新入生入学歓迎パーティー①
コンコン、コンコン!
強いノックと共に、ドア越しに大声が響く。
「バイエルン先生、パーティーが始まりますよー!今日は遅れないでくださいね!」
「はいはい、すぐ行きますよ。」
事務長のエリシアは、朝から声を荒げながら、全ての教師の部屋をノックして回っている。
エードリッヒ魔法学院の新年度初日は、毎年、新入生の入学歓迎パーティーからスタートすると決まっているのだ。

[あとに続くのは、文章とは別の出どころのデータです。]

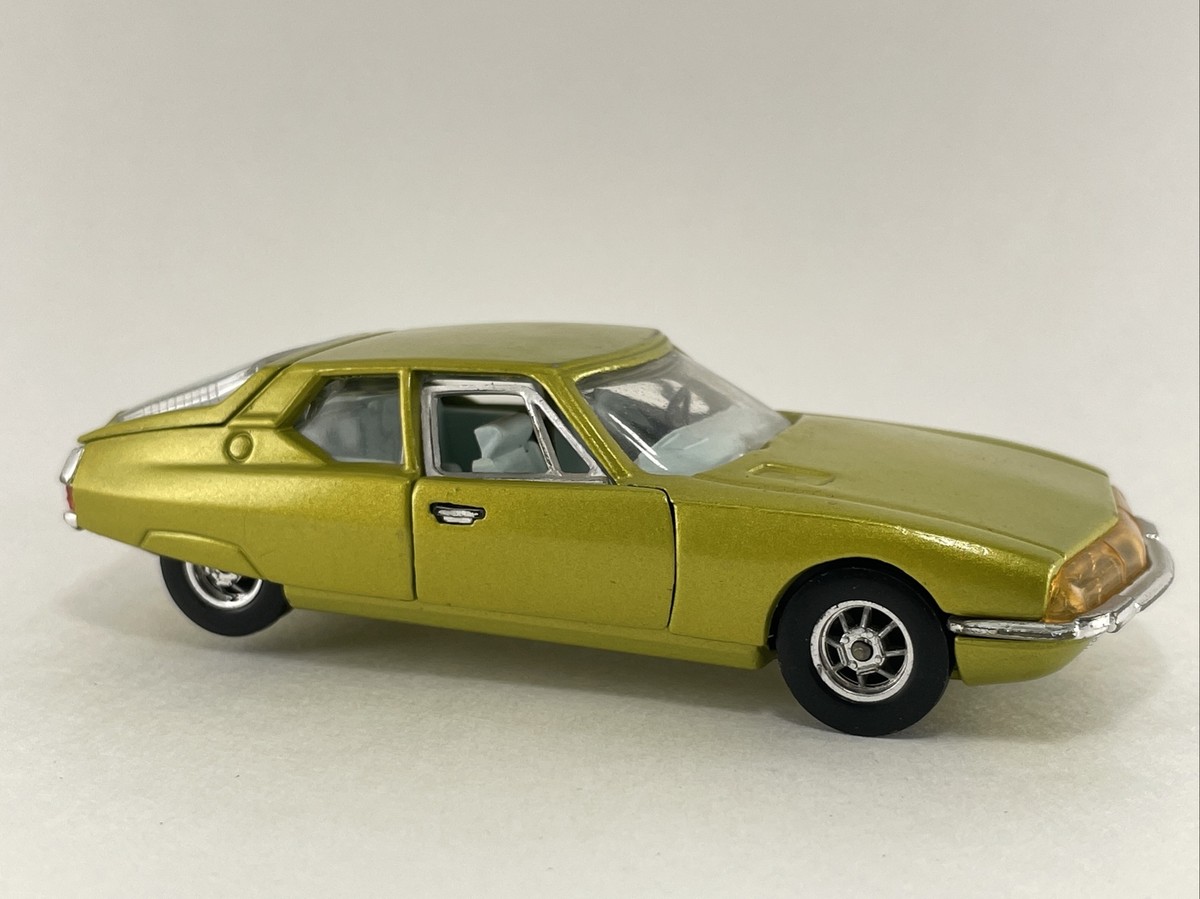 Corgi Toys 284 green CITROEN SM whizzwheels LOOSE free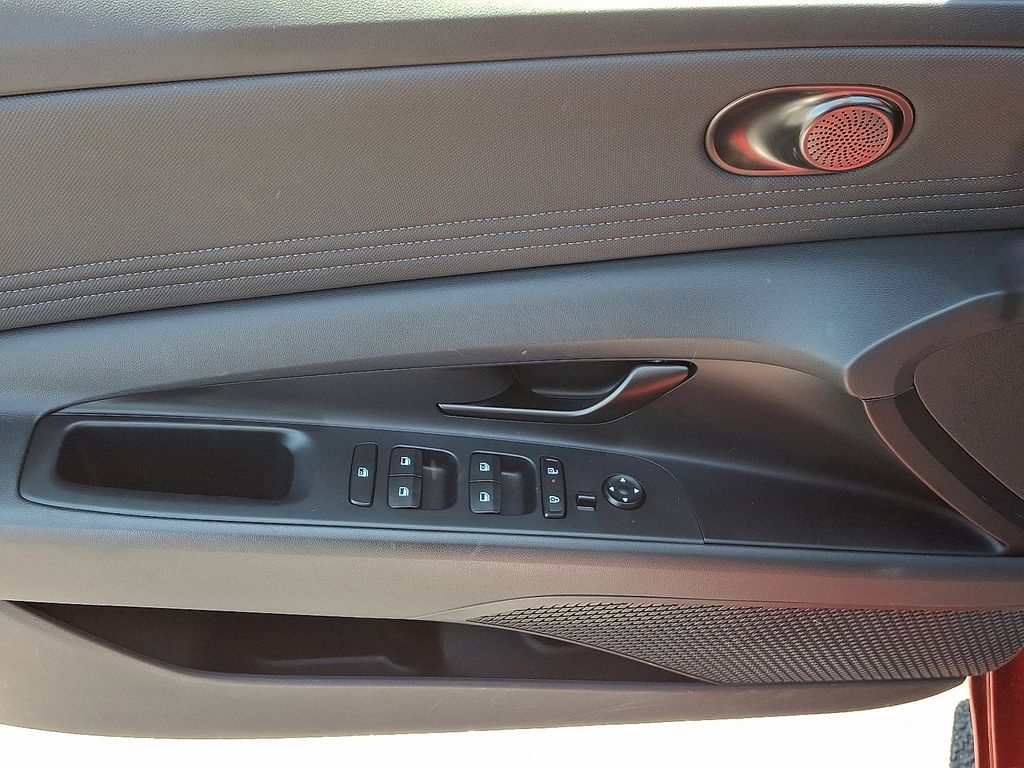 2025 Hyundai Elantra SEL - Photo 14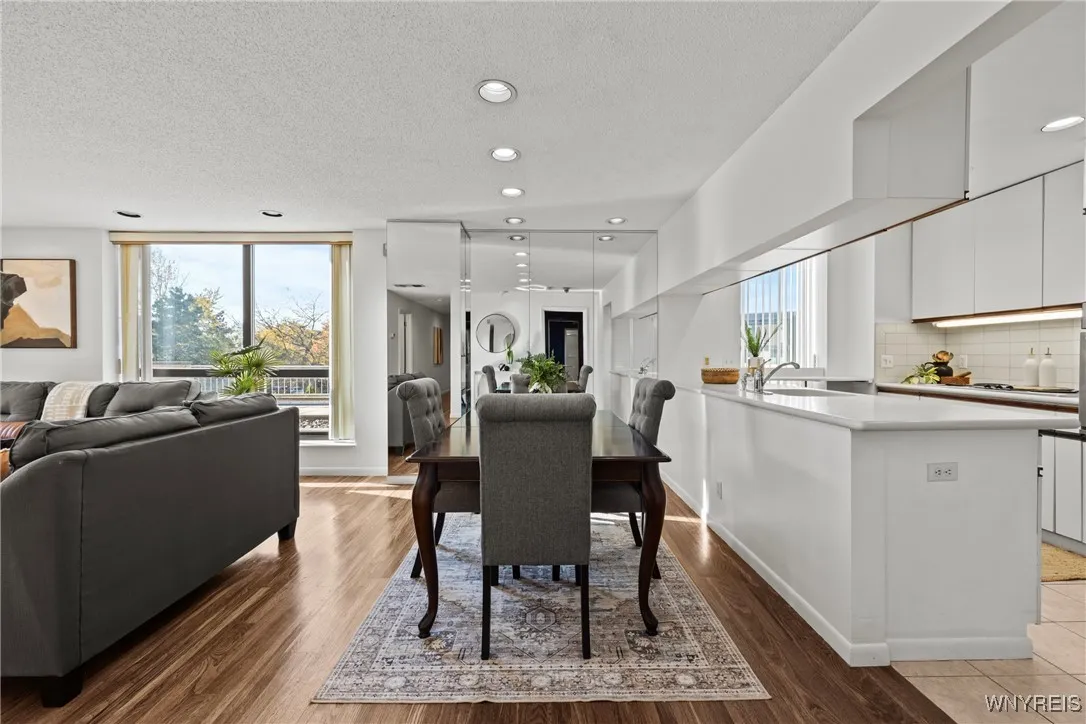 201 Admirals Walk Circle 201, Buffalo, New York 14, Buffalo, New York 14202, 1 Bedroom Bedrooms, 4 Rooms Rooms,2 BathroomsBathrooms,Residential,For Sale,201 Admirals Walk Circle 201, Buffalo, New York 14,0,B1648000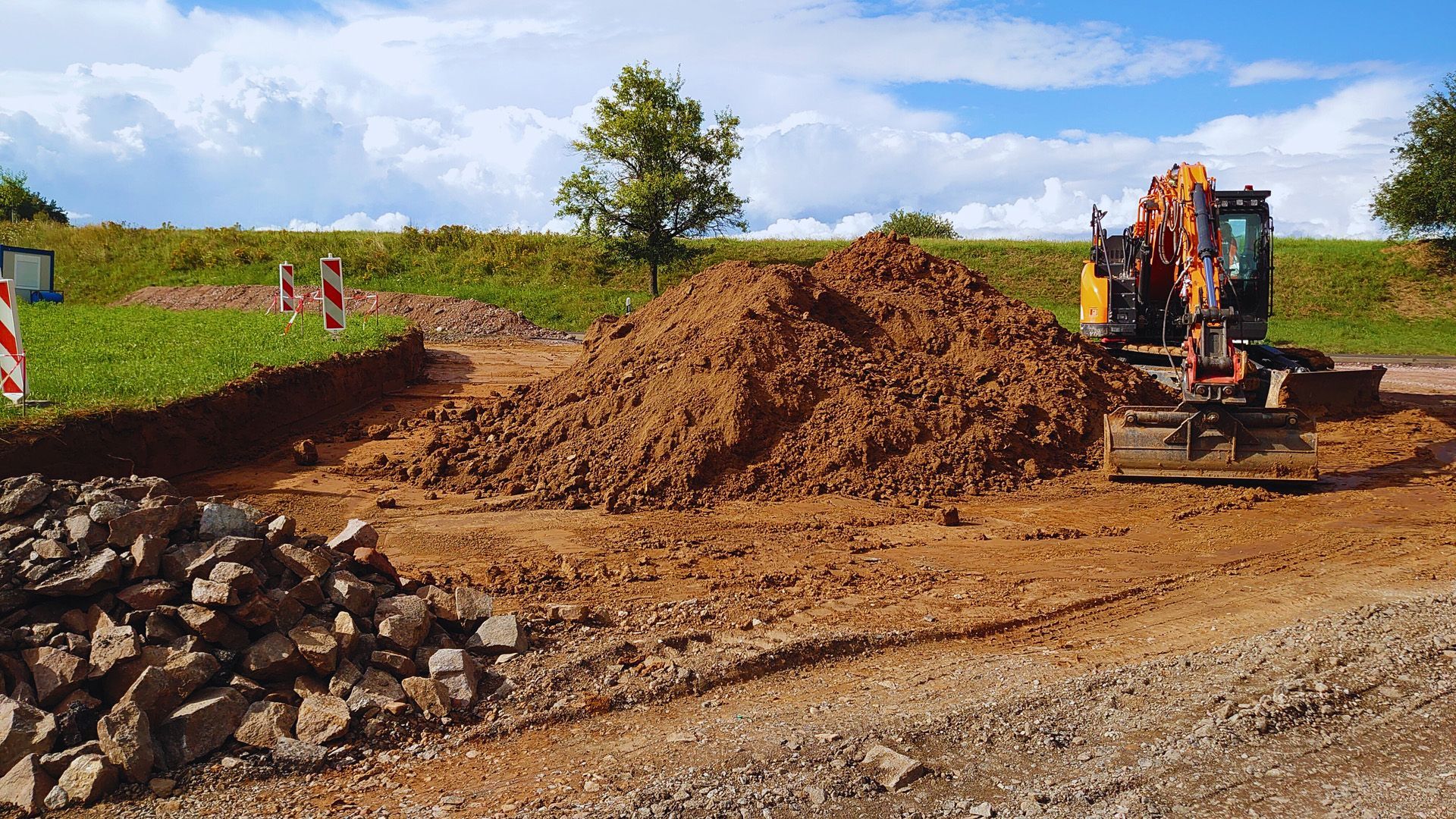 Die Vorarbeiten zum Bau einer Straße durch Erdaushub mit einem Bagger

この日のエリシアは、毎回かなり張り切っている。この日だけ被る、背の高い大きな大きな帽子が、こっちを見てと言わんばかりに自己主張している。
今年の帽子の色は ー 真っ赤だ。
「エリシア、これを特別な帽子にどうぞ。」
バイエルンは、黄色い光る薔薇を1本差し出した。
「まあ!バイエルン先生、ありがとうございます!」
エリシアは真っ赤な帽子が更に目立つ、キラキラした黄色い薔薇をつけると、
「目立ちすぎません?」
と言いながらも、嬉しそうに呼び集めた教師たちの先頭に立つ。
「さあ、先生方、全員揃いましたね!今から、ちゃんと私に付いて来て下さいね。会場に行きますよ!」
大切な日の始まりに遅れがないよう、エリシアは教師たちを誘導していく。バイエルンは、先頭の真っ赤に付いた黄色のキラキラを見ながら(ちょっと、派手すぎたかな)と、内心思うが、エリシアの満面の笑みと、いつもより1オクターブは高いであろう掛け声に、満足感を味わいながら誘導に連なっていった。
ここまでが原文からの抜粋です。